> [Exercise]:
What is printed must match, line for line, the records from their first line through the line containing "12PCS Pocket Monster", with pictures left out.

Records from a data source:
::::
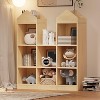Toy Storage Organizer 8-Cubby Kids Bookshelf Natural Bookcase Toddlers Playhouse Cabinet Shelf for Boys Girls Wooden Cubby Storage - 3 of 4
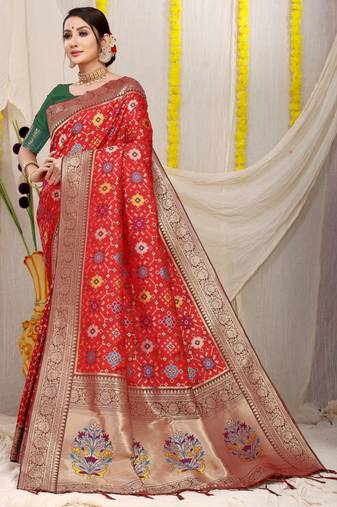 Women's Red Faux Patola Silk Zari Woven Saree with Blouse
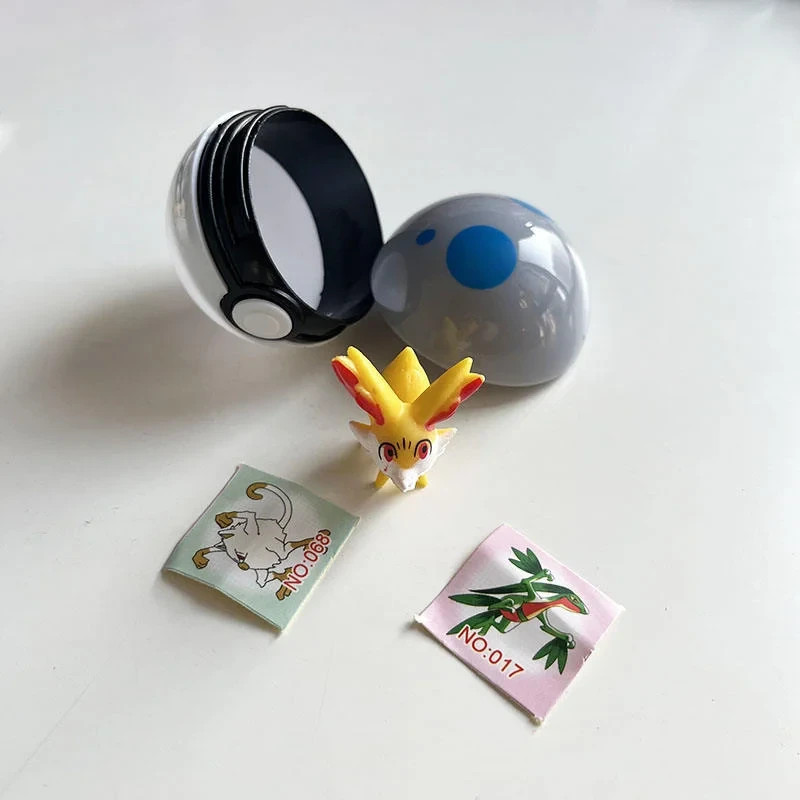 12PCS Pocket Monster Mini Figures Set with Poke Balls Anime Collectible Toys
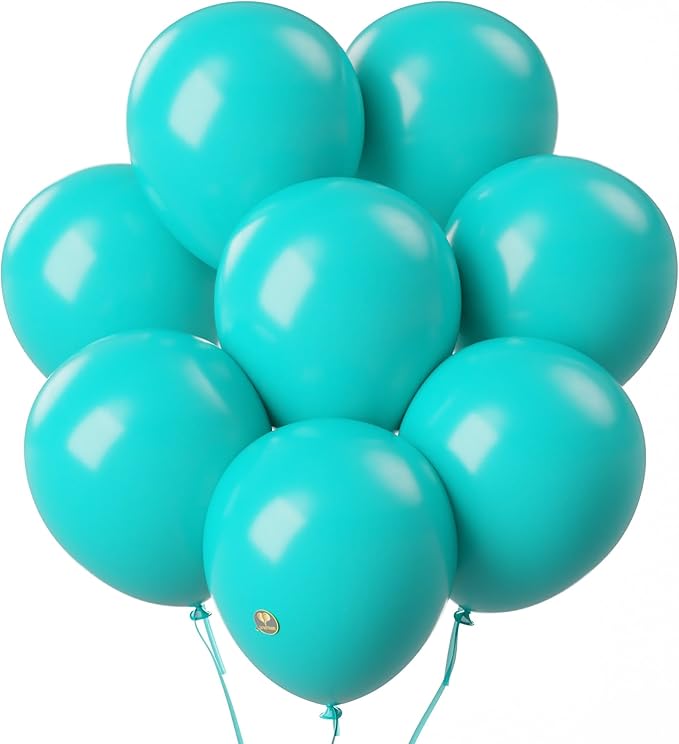 AFTERLOON® Biodegradable Balloons 24 pcs Turquoise Blue (Tiffany) 12 Inch, Matte Color Thickened Extra Strong Latex Helium Float, Colorful Bulk Color ballon Globos Para Decoration De Fiestas Kids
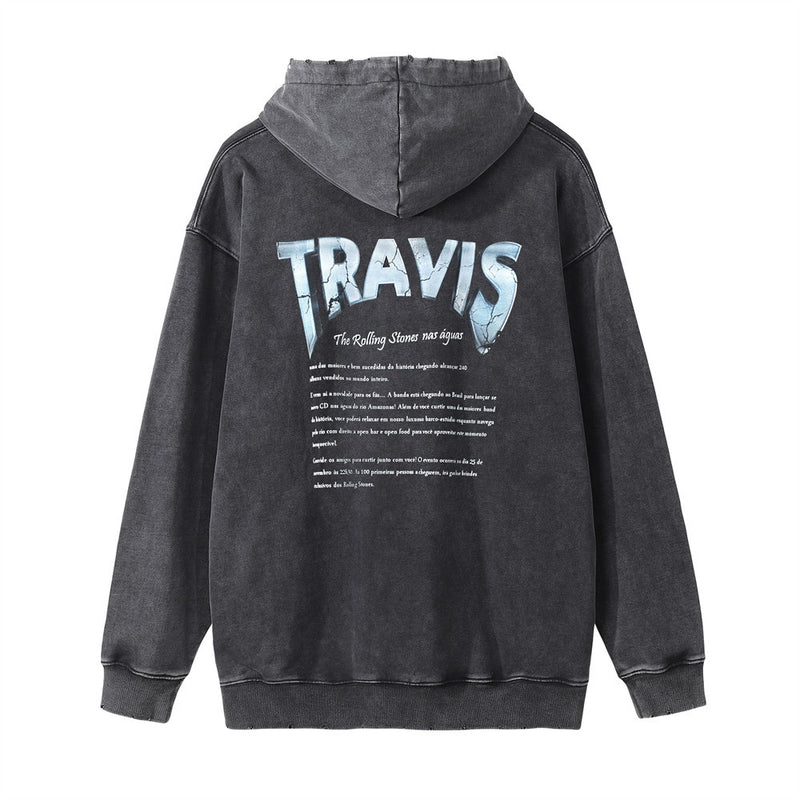 Men Hoodie Printed Hoodie Men's Autumn and Winter Worn Looking Washed-out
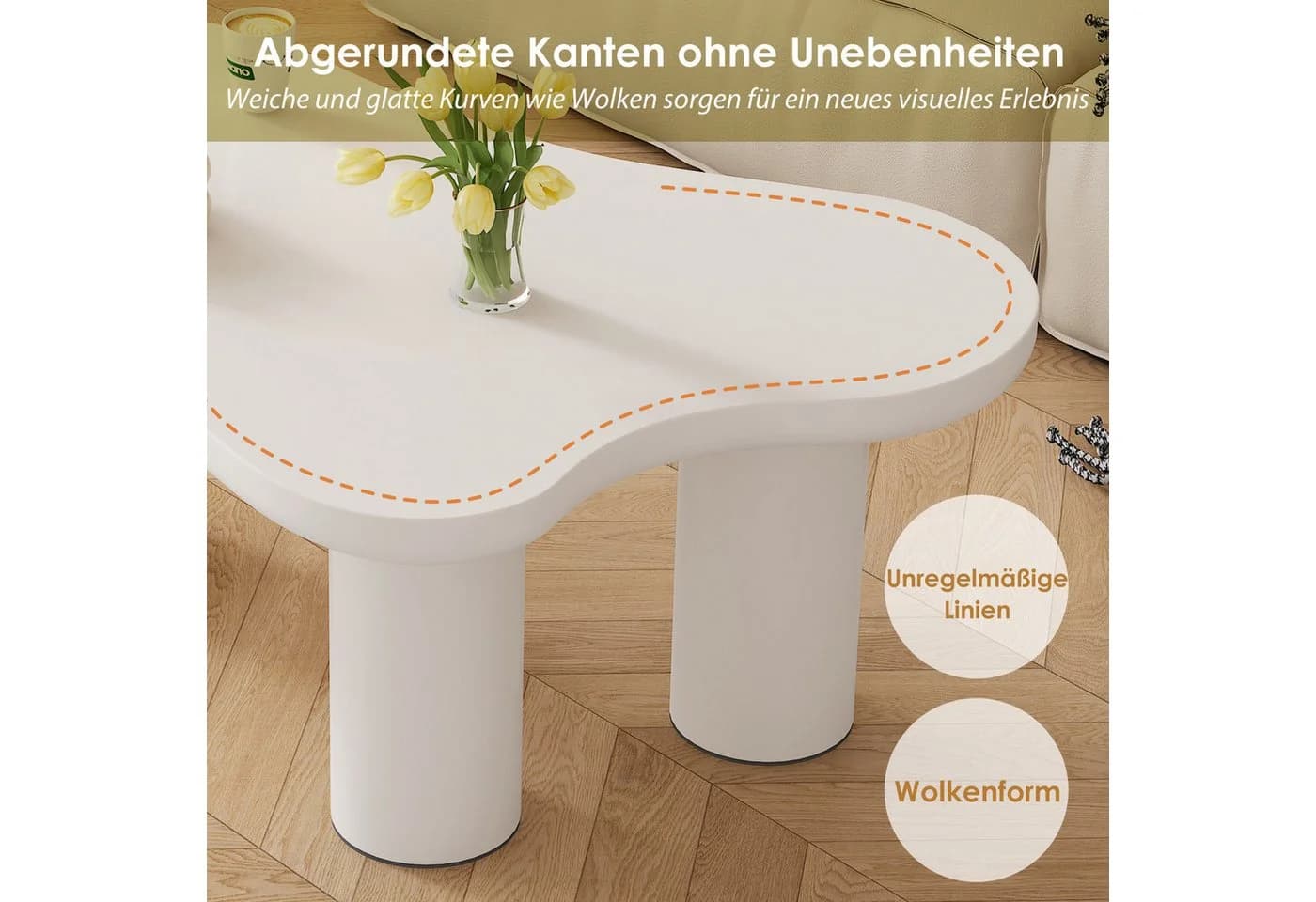 Merax Couchtisch Wolke Wolkenförmig 107x66 cm - Bild 3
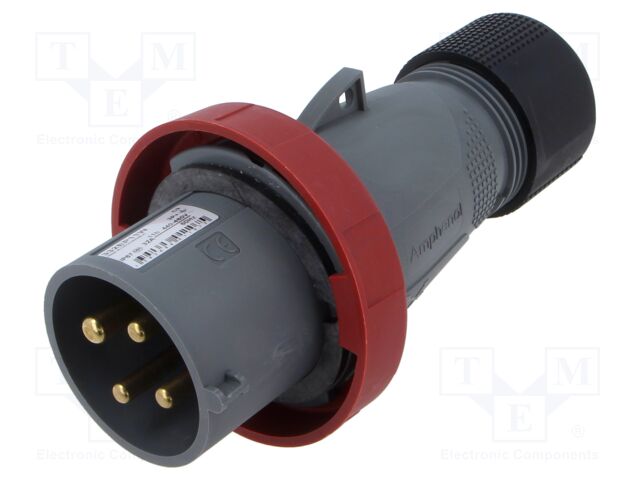 Connector: AC supply 3-phase; plug; male; straight; for cable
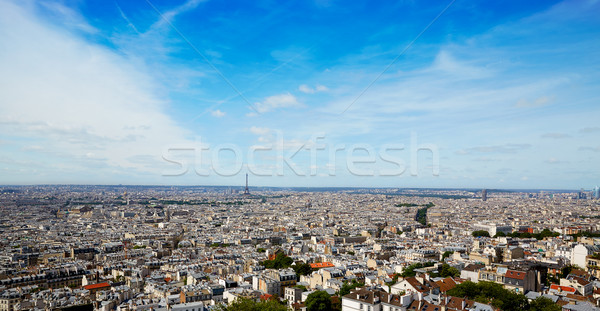Сток-фото: Париж · Skyline · антенна · Монмартр · Франция · небе
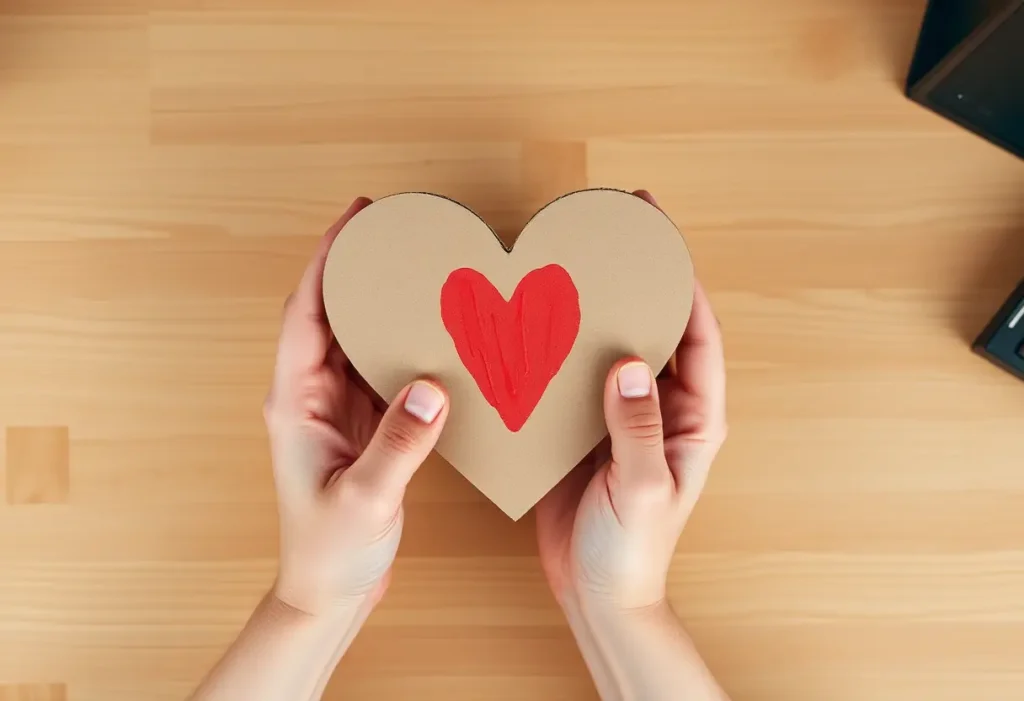 Des mains tenant un cœur en carton peint en rouge pour la Saint-Valentin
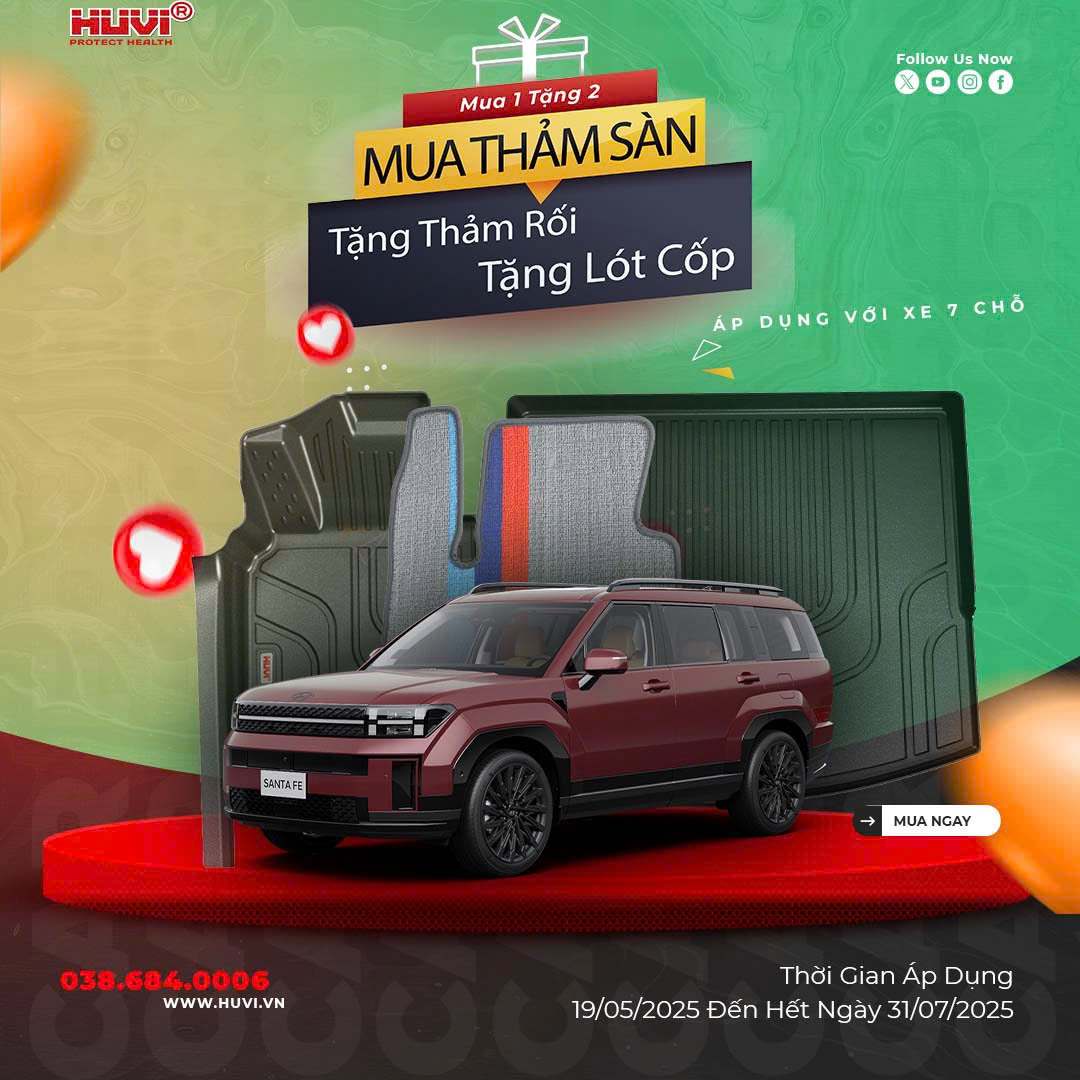 Mua thảm sàn tặng thảm rối Huvi.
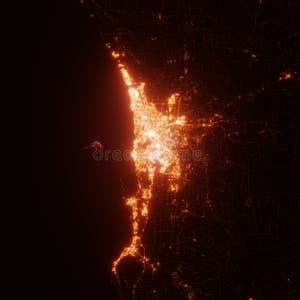 Perth City Lights Map Top View From Space Aerial View On Night Street 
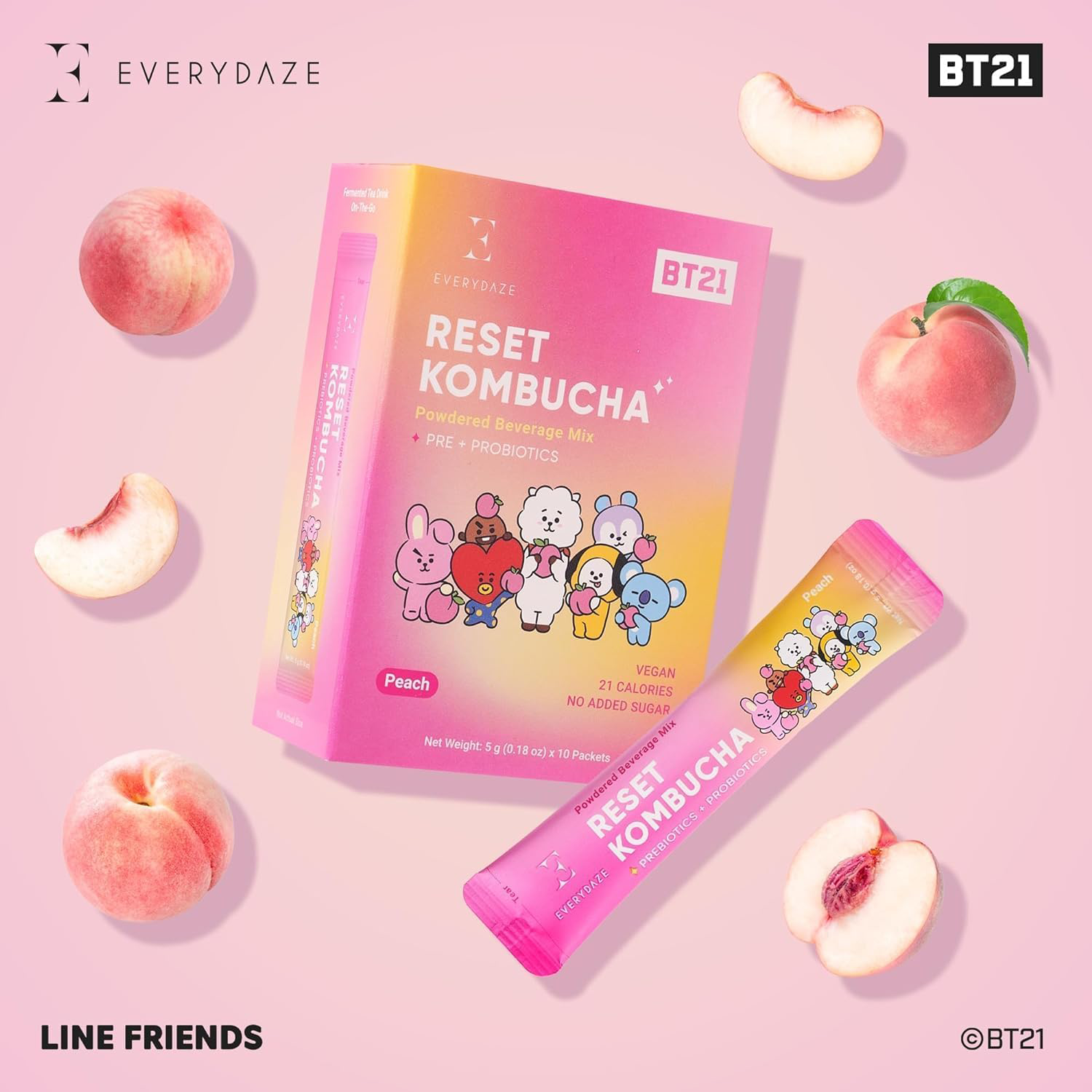 重置 康普茶粉状饮料混合粉 桃子味 10 支装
::::
> [Response area]:
Toy Storage Organizer 8-Cubby Kids Bookshelf Natural Bookcase Toddlers Playhouse Cabinet Shelf for Boys Girls Wooden Cubby Storage - 3 of 4
 Women's Red Faux Patola Silk Zari Woven Saree with Blouse
 12PCS Pocket Monster Mini Figures Set with Poke Balls Anime Collectible Toys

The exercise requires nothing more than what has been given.